Вы зря смущаетесь (и даже несколько возмущаетесь) вечером, устроенным И. Ч-у. Пусть поэтам устраивают вечера и чтения и разбор их творчества и в похвалу им говорят речи. Ведь поэзия этим все же чтится. А вкусы разные у людей... Пусть подумают люди, задумаются о Поэзии, потормошатся ею. Это не плохо, это хорошо. Это и честь языку... Ведь мы скудны поэтами, лириками, юродивыми лирическими (не всем быть благовоспитанными, как Вы). Я рад всякому уважению к Поэзии; а в истории всё подлинное, рано или поздно, отсеется, а все не такое ветром развеется, улетит. Оставьте это времени. И не желайте бесславия какому нибудь поэту, чья поэзия «ничего Вам не говорит» (или даже коробит Вас)... Вы, может быть, скажете, что мои взгляды слишком «пастырские» (к области Поэзии мало относящиеся)... Я не думаю, чтобы у меня и какое то великодушие христианское (или «гуманистическое», литературное) здесь было. Нет, просто хорошо, что еще устраивают «вечера поэтов», с чтением стихов и похвальными словами критиков. Пусть поэты к поэтам будут добры – слишком много в среде артистов и литераторов, и поэтов – бывает ревности, зависти, пристрастия, нетерпимости. Не последишь, в душе нашей легко зарождается, может быть, совсем тонкое и мало заметное, но ненужное чувство.

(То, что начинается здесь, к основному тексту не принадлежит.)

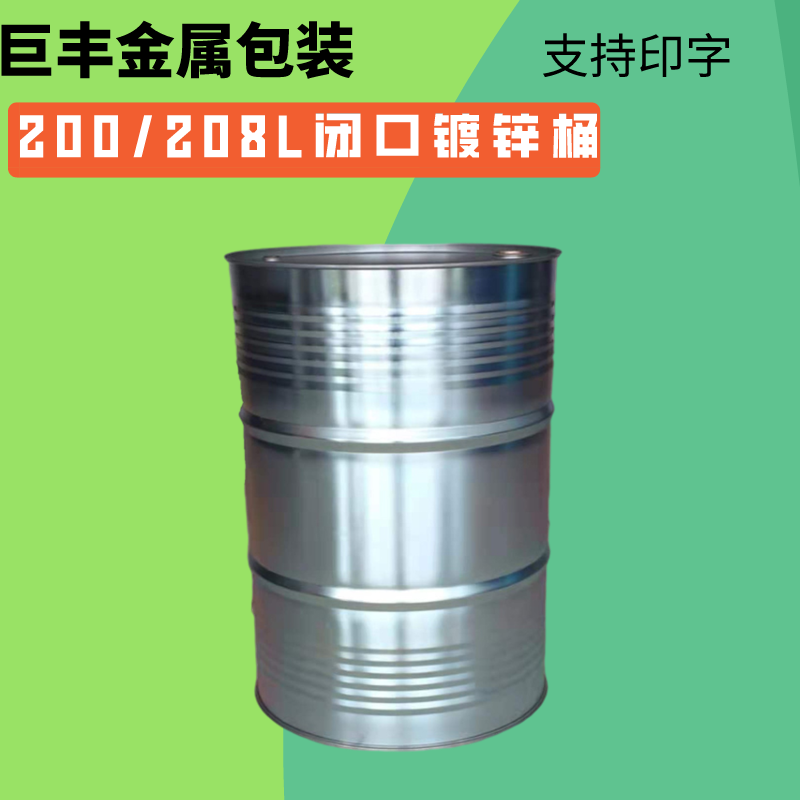 巨丰厂家生产200升208升化工原料周转桶大号圆桶镀锌铁桶烤漆铁桶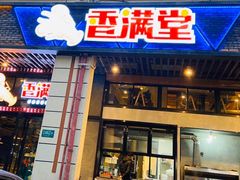 门面-香满堂川湘菜烤鱼(龙茗路店)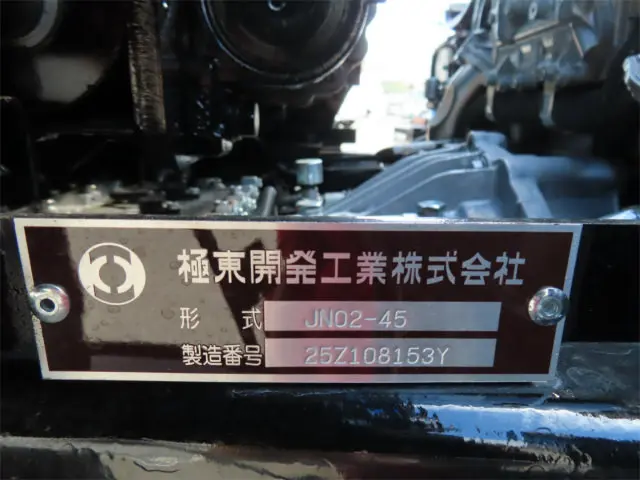 三菱 キャンター 2PG-FEB80(2WD)の写真38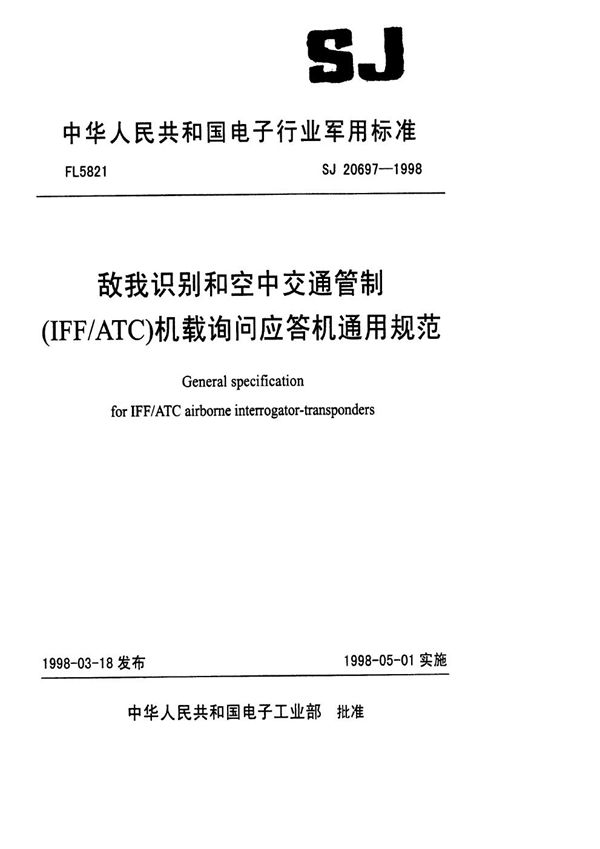 敌我识别和空中交通管制(IFF/ATC)机载询问应答机通用规范 (SJ 20697-1998)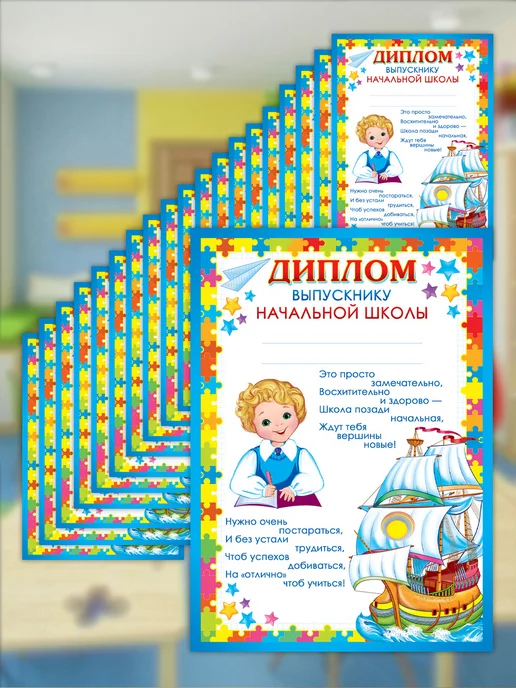 ТЦ СФЕРА Набор дипломов выпускнику начальной школы, 20 шт, фото 4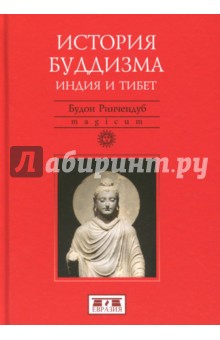 Ричендуб Будон: История Буддизма. Индия и Тибет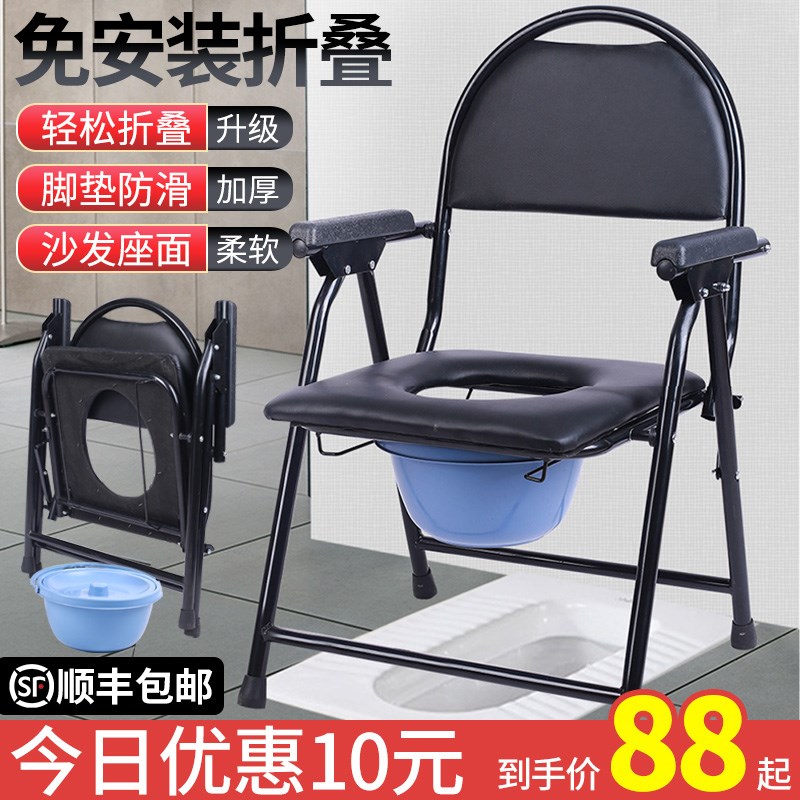 老人坐便器移动马桶可折叠病人孕妇座便椅老年人厕所家用坐便凳子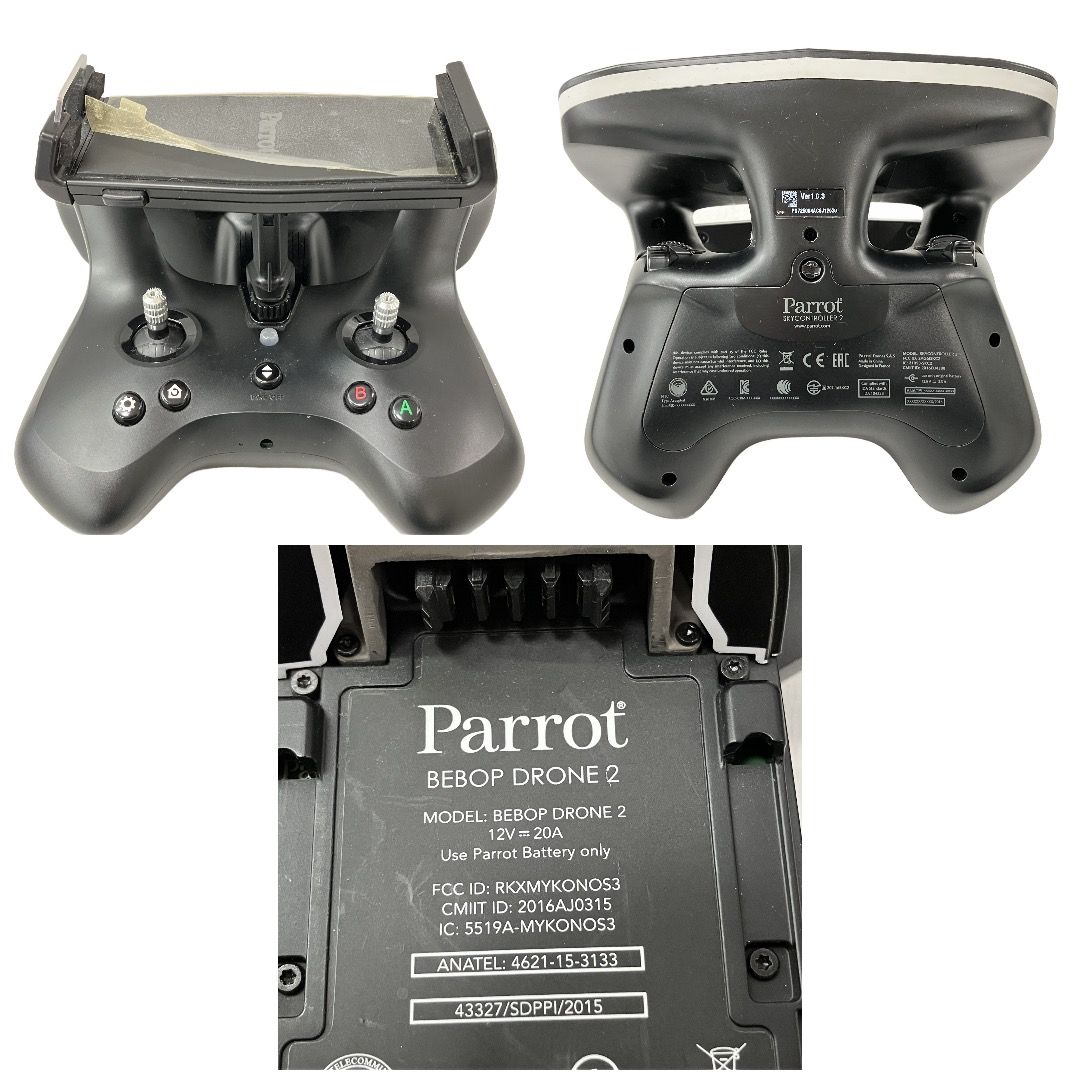 Parrot BEBOP 2 FPV PACK ビーバップ ドローン 別ケース付き 空撮 撮影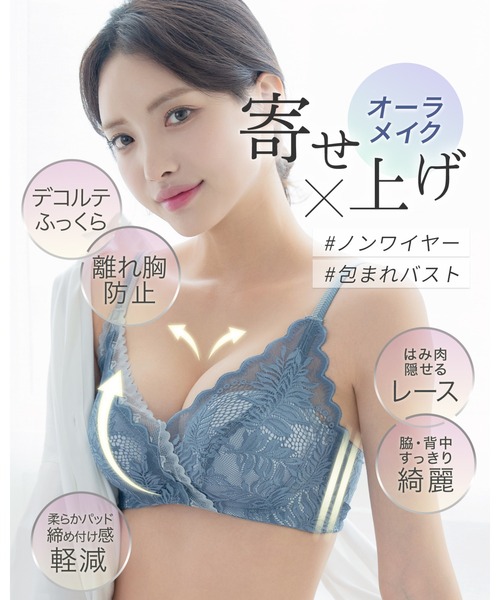 RADIANNE（ラディアンヌ）の「着けるだけで「見惚れる寄せ上げバスト」を、1日中キープ！オーラメイク 寄せ上げカシュクールブラ＆ショーツ/【ブラ&ショーツセット】（ブラ&ショーツ・レディース・ブラック/グレー/ブルー・S/2L/L/M）」の18枚目の写真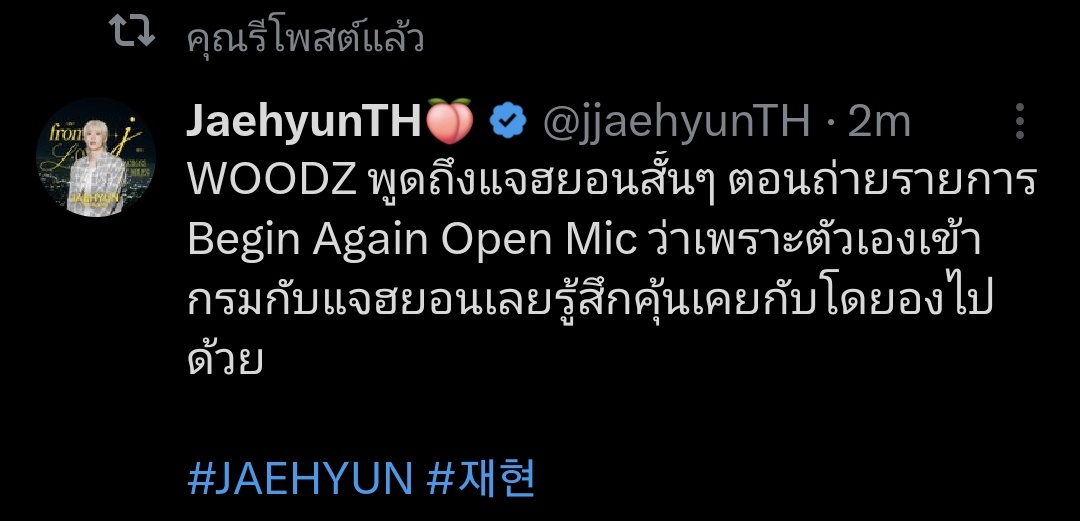 ꒰ঌjunie.ju໒꒱ tweet media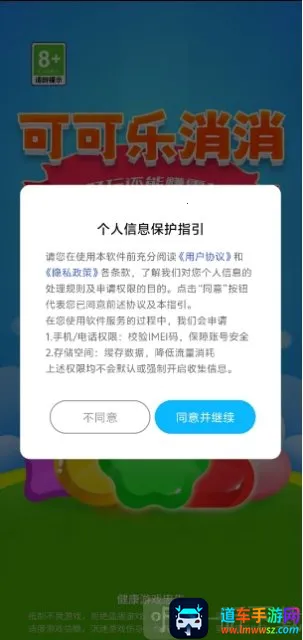 �ɿ�������(���������Ϸ)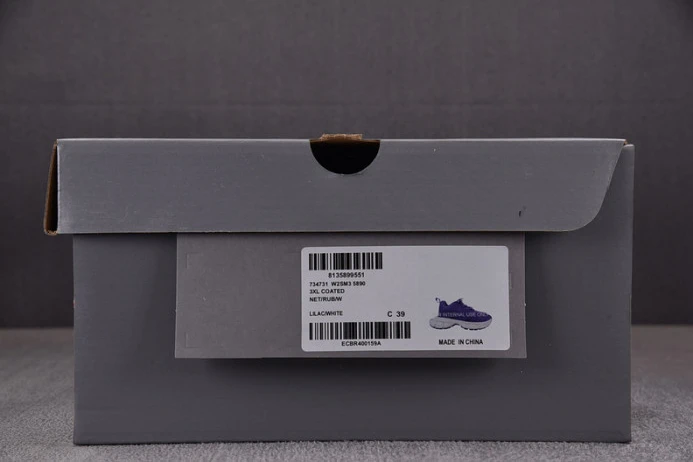 UrbanStyle Ba*len*cia*ga 3xl sneaker w2sm 2058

Буде воля Божия, в середине июля должен я отправиться в Европу на некоторое время с церковным поручением.

Рассмешили Вы меня предположением, что я сказал некую новость для «приятелей» наших, открыв им «инкогнито». Сделал же я это ради Вас, – чтобы слушатели мои там не сочли бы Вас «чужаком» (каким-нибудь голландцем или бельгийцем)... Для меня совершенно несомненно, что к «своим» там больше доверия, и будь я, например, Смитом или Шульцем, менее бы слушали меня и верили бы мне. А тут сами большевики раззвонили о том, кто я и усилили интерес к архиерею. Это все я знаю наверное и потому сказал о Вас то, что сказал. А раз Вы с опасным человеком общаетесь, терпите мужественно всю невыгоду этого.

Обнимаю Вас, привет и мир Осинкиной, балкону, цветам, небу Траунштейна – города русской поэзии.

Ваш † А. Иоанн.


Источник: Переписка с Кленовским / Архиепископ Иоанн Шаховской; ред. Р. Герра. – Париж : Б. и., 1981. 317 с., 2 л. ил. (VI том Собрания трудов Архиепископа Иоанна Шаховского).